**TASK DETAILS:**
Once the line containing "azira ethnic motifs" is found in the records below, return it and each following line exactly, up to and including the line containing "Lands' End Plus", and nothing else.

**DATA SECTION:**
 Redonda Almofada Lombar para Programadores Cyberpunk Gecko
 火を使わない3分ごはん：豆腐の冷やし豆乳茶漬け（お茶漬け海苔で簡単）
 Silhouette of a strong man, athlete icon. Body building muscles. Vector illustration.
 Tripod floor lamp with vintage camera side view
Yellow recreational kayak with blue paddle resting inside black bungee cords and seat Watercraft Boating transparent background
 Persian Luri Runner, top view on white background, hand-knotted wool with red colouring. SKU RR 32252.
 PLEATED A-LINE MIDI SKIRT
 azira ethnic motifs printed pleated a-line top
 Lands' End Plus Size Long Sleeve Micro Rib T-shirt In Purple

--

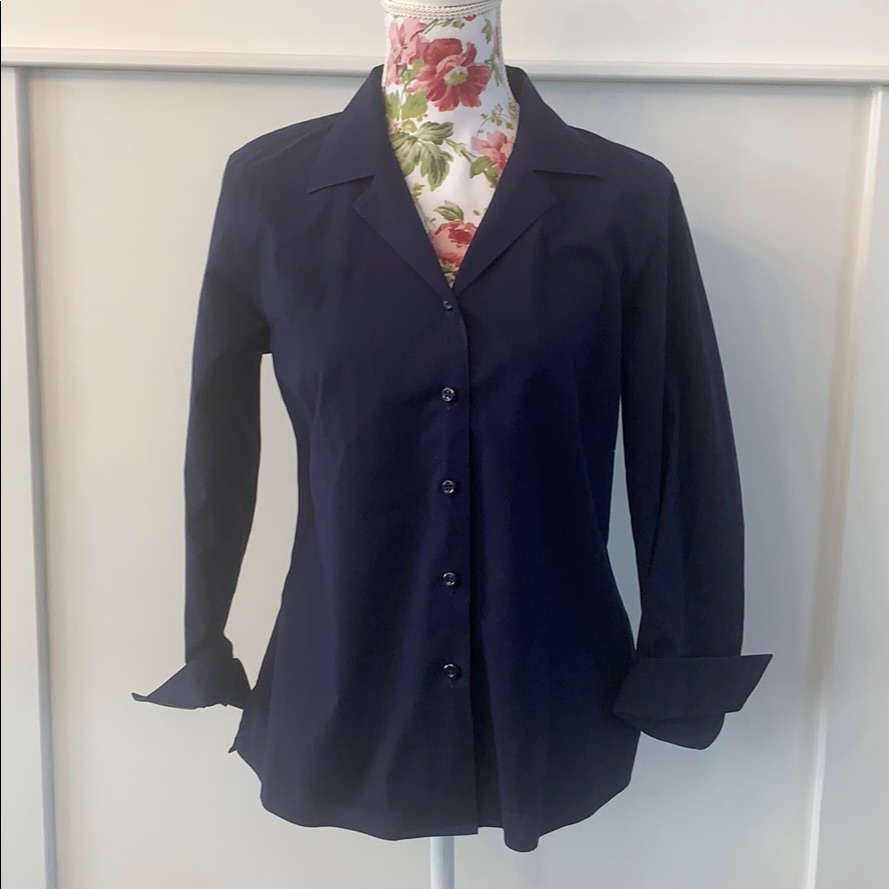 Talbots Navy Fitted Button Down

...

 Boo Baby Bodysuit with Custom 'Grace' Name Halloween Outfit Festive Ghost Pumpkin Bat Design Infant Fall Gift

**REPLY TO THE TASK:**
 azira ethnic motifs printed pleated a-line top
 Lands' End Plus Size Long Sleeve Micro Rib T-shirt In Purple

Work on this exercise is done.